* PROBLEM DETAILS:
Somewhere below, one line contains "低压12V24V小角度聚光l" and a later line contains "快三导师带计划赚钱大型叶菜切菜机食堂厨房全自动切段切叶菜机器". Output those two lines and everything between them exactly, and nothing else.

******

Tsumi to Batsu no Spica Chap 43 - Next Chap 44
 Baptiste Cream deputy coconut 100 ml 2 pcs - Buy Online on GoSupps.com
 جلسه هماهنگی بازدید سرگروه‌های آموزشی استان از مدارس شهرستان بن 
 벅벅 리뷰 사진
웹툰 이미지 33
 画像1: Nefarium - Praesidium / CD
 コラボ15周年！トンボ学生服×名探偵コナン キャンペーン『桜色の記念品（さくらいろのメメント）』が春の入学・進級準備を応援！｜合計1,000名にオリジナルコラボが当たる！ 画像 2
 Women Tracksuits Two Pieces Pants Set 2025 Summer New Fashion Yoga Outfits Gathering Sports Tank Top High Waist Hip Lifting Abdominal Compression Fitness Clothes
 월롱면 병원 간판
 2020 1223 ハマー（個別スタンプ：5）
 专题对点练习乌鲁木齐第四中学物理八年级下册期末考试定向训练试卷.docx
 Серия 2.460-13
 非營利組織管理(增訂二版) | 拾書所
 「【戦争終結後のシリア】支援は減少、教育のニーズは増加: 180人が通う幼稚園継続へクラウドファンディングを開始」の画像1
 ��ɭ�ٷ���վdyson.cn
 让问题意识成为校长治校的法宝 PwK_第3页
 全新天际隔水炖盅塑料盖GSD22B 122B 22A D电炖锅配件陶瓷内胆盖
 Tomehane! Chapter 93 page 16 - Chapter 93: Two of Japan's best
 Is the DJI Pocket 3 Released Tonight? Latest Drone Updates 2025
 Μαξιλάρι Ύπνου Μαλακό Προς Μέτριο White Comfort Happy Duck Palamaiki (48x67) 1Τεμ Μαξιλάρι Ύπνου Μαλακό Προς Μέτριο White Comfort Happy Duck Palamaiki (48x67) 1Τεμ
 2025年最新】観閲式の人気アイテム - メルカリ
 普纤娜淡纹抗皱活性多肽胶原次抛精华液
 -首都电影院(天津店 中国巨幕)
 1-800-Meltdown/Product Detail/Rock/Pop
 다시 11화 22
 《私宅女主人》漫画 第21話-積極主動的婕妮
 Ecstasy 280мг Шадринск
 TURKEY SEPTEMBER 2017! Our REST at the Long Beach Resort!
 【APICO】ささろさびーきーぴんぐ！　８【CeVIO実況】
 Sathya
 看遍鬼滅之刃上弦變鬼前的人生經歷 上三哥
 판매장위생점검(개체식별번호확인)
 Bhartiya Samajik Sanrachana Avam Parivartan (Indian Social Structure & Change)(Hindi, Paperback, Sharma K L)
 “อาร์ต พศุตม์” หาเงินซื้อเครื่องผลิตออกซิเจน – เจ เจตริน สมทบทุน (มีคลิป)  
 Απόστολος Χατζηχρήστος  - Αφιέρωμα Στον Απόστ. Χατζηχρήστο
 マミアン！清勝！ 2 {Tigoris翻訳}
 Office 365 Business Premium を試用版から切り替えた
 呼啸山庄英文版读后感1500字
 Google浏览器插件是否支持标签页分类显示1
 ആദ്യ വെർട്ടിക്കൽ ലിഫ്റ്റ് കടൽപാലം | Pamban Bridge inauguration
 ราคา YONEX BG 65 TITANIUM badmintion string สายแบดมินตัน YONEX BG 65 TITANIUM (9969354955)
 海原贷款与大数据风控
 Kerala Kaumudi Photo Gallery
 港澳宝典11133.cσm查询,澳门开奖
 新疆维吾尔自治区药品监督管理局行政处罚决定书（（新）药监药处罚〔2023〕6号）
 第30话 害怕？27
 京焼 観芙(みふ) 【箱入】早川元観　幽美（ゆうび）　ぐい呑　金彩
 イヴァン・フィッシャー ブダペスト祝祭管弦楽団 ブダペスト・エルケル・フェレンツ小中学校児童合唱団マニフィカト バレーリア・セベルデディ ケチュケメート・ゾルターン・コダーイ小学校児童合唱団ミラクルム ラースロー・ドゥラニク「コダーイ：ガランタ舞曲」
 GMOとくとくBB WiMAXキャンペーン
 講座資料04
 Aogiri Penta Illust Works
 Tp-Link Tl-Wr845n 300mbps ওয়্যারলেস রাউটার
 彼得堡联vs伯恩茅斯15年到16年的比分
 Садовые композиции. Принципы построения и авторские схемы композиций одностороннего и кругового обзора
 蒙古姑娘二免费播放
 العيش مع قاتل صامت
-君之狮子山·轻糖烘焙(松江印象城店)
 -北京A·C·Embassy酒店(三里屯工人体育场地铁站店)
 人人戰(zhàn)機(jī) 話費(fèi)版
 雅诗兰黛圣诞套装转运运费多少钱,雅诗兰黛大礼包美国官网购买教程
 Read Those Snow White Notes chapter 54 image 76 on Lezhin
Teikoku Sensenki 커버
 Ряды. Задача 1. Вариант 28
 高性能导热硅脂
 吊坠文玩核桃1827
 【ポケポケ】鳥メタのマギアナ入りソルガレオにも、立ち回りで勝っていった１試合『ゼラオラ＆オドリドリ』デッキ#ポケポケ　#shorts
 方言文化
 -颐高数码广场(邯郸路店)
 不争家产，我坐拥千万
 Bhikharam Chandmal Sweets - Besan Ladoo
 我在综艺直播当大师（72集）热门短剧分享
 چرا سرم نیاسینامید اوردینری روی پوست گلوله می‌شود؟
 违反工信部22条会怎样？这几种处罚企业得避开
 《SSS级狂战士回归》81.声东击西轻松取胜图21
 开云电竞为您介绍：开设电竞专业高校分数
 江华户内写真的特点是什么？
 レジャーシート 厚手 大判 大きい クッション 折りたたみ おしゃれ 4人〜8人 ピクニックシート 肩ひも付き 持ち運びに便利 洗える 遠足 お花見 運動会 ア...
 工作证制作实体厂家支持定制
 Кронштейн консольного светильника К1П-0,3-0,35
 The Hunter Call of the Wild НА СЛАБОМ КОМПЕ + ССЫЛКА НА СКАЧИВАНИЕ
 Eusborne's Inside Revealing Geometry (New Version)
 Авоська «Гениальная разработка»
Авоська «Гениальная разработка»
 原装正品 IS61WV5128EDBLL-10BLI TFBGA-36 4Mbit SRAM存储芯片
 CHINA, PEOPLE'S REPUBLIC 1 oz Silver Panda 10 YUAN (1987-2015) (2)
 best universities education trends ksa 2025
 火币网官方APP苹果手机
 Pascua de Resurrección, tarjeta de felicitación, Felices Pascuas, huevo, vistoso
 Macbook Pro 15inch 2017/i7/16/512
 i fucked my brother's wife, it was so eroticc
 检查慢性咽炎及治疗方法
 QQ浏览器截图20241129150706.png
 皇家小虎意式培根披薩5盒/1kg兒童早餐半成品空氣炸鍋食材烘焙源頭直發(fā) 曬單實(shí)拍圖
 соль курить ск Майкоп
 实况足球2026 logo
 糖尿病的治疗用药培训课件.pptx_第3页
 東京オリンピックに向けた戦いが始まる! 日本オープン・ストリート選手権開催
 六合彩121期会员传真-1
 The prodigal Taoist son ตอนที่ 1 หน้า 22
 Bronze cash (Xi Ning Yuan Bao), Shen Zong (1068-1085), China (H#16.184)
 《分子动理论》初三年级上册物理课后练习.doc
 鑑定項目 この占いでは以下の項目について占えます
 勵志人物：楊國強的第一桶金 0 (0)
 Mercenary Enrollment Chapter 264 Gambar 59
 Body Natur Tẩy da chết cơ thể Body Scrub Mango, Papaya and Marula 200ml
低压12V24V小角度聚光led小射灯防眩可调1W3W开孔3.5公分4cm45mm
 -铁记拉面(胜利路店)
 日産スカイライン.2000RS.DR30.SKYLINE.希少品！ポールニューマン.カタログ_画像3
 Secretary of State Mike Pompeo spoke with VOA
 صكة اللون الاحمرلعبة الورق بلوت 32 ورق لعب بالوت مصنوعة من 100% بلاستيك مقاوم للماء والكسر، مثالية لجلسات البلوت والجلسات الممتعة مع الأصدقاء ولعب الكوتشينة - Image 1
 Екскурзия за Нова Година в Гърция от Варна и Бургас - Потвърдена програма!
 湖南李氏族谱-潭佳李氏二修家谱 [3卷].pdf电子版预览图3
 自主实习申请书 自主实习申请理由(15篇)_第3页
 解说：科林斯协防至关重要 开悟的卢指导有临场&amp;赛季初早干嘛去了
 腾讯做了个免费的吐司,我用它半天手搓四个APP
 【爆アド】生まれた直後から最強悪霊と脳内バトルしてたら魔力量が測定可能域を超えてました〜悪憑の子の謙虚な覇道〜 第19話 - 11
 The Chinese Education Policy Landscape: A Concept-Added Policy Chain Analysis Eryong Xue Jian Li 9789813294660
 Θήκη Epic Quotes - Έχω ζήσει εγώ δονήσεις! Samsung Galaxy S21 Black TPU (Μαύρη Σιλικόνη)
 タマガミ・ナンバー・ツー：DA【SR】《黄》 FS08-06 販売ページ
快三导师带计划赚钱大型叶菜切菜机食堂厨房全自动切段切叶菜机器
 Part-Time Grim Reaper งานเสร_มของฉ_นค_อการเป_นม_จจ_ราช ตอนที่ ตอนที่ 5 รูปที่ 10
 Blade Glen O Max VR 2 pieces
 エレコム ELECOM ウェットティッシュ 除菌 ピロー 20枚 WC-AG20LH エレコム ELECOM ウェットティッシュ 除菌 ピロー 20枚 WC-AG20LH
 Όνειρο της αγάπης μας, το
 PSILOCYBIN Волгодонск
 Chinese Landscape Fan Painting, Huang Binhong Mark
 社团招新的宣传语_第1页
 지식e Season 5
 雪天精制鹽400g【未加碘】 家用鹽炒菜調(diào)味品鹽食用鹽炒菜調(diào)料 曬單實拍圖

******

* TASK ANSWER:
低压12V24V小角度聚光led小射灯防眩可调1W3W开孔3.5公分4cm45mm
 -铁记拉面(胜利路店)
 日産スカイライン.2000RS.DR30.SKYLINE.希少品！ポールニューマン.カタログ_画像3
 Secretary of State Mike Pompeo spoke with VOA
 صكة اللون الاحمرلعبة الورق بلوت 32 ورق لعب بالوت مصنوعة من 100% بلاستيك مقاوم للماء والكسر، مثالية لجلسات البلوت والجلسات الممتعة مع الأصدقاء ولعب الكوتشينة - Image 1
 Екскурзия за Нова Година в Гърция от Варна и Бургас - Потвърдена програма!
 湖南李氏族谱-潭佳李氏二修家谱 [3卷].pdf电子版预览图3
 自主实习申请书 自主实习申请理由(15篇)_第3页
 解说：科林斯协防至关重要 开悟的卢指导有临场&amp;赛季初早干嘛去了
 腾讯做了个免费的吐司,我用它半天手搓四个APP
 【爆アド】生まれた直後から最強悪霊と脳内バトルしてたら魔力量が測定可能域を超えてました〜悪憑の子の謙虚な覇道〜 第19話 - 11
 The Chinese Education Policy Landscape: A Concept-Added Policy Chain Analysis Eryong Xue Jian Li 9789813294660
 Θήκη Epic Quotes - Έχω ζήσει εγώ δονήσεις! Samsung Galaxy S21 Black TPU (Μαύρη Σιλικόνη)
 タマガミ・ナンバー・ツー：DA【SR】《黄》 FS08-06 販売ページ
快三导师带计划赚钱大型叶菜切菜机食堂厨房全自动切段切叶菜机器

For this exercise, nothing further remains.